_DESCRIPTION OF THE TASK_:
Calculate how many lines of the data hold "Vintage". The answer consists of that number only.

Records excerpted from a collection:

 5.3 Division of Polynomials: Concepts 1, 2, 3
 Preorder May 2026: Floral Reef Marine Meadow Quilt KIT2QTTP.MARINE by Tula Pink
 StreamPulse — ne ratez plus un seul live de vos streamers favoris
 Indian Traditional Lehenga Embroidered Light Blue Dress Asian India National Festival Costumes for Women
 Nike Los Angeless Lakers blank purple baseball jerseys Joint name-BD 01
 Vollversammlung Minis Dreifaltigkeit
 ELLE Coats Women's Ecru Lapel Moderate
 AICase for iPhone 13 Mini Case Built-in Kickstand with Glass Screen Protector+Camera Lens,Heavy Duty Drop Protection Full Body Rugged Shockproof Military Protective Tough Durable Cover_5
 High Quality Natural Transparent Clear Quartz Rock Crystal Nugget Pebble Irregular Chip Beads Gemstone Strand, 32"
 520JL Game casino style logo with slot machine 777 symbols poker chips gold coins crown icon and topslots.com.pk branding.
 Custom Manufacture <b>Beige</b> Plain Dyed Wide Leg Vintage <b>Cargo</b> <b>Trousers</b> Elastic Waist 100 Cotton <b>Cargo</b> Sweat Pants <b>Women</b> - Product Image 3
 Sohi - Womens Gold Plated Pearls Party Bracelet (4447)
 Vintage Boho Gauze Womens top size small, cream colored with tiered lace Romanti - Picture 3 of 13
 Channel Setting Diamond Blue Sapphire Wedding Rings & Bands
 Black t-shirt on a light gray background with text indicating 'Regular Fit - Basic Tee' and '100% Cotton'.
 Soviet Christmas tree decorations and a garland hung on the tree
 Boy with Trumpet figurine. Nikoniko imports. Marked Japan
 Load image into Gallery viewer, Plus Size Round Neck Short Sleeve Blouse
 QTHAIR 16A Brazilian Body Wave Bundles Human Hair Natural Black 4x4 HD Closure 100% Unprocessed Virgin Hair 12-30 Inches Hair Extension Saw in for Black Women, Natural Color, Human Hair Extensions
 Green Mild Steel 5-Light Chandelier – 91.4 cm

_ANSWER FOR THIS EXERCISE_:
2